И Киевский, и Западный военные округа тоже получили в предвоенные месяцы подобные предписания. Вот свидетельство генерал-майора П.И. Абрамидзе, бывшего  командира 72-й горно-стрелковой дивизии 26-й армии КОВО:  «20 июня 1941 года я получил такую шифровку Генерального штаба: «Все подразделения и части Вашего соединения, расположенные на самой границе, отвести назад на несколько километров, то есть на рубеж подготовленных позиций. Ни на какие провокации со стороны немецких частей не отвечать, пока таковые не нарушат государственную границу. Все части дивизии должны быть приведены в боевую готовность. Исполнение донести к 24 часам 21 июня 1941 года». Пожалуй, самым важным из всех распоряжений Генштаба и наркомата обороны в тот период была директива, посланная командованию приграничных округов 18 июня. О ней стало известно после войны, когда были опубликованы протоколы допроса командующего Западным фронтом генерала Д.Г.Павлова и других арестованных вместе с ним командиров.  Вот как это было записано в протоколе допроса начальника связи Западного фронта генерала Григорьева: «…днем 18 июня довольствующие отделы штаба не были ориентированы, что война близка… И после телеграммы начальника Генерального штаба от 18 июня войска округа не были приведены в боевую готовность» Когда во время следствия арестованного Павлова спросили, правду ли показал его подчинённый, он эти слова подтвердил.

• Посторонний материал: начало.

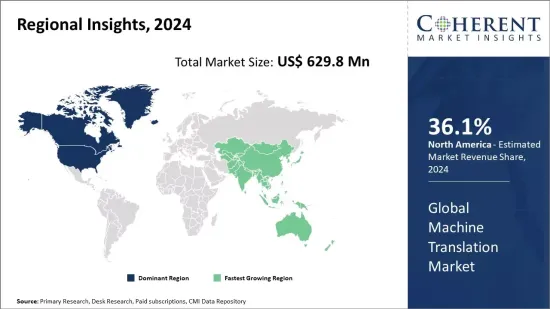 Machine Translation Market - IMG1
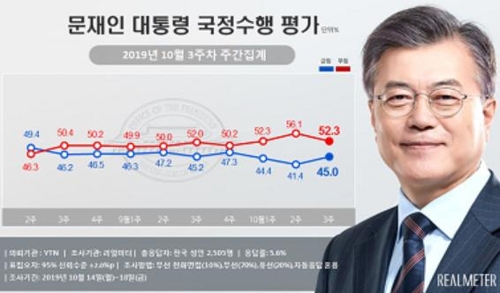 文대통령 국정지지도, 3.6%p 반등한 45.0%…"중도층 재결집"[리얼미터]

После этой упомянутой выше телеграммы была ещё одна, посланная в округа за день до войны, 21 июня, директива Генштаба:

«Военным советам ЛВО, ПрибОВО, ЗапОВО, КОВО, ОдОВО.

1. В течении 22 -23 июня 1941 года возможно внезапное нападение немцев на фронтах ЛВО, Приб. ОВО, Зап. ОВО, КОВО, Од. ОВО. Нападение может начаться с провокационных действий…

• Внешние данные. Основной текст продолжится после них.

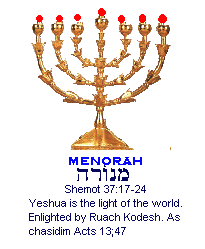The image “http://www.messianic-torah-truth-seeker.org/Torah/Overview-Mishkan/ovrvw-mshkn_files/menorahz.gif” cannot be displayed, because it contains errors.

Одновременно войскам Ленинградского, Прибалтийского, Западного, Киевского и Одесского округов быть в полной боевой готовности (выделено мной — А.З.) , встретить возможный внезапный удар немцев или их союзников.

Приказываю:

а) в течении ночи на 22 июня 1941 года скрытно занять огневые точки укрепленных районов на государственной границе;

б) перед рассветом 22 июня 1941 года рассредоточить по полевым аэродромам всю авиацию, в том числе и войсковую, тщательно ее замаскировать…»

Как видим, и здесь высшее военное руководство ничуть не игнорировало потенциальной угрозы начала войны, а чётко и однозначно приказывало командующим округами быть готовым к нападению. И упомянутый выше командарм-5 Потапов и другие военачальники привели свои части в состояние боевой готовности, исполняя приказ начальника Генштаба и наркома обороны, никакого самоуправства с их стороны не было и быть не могло.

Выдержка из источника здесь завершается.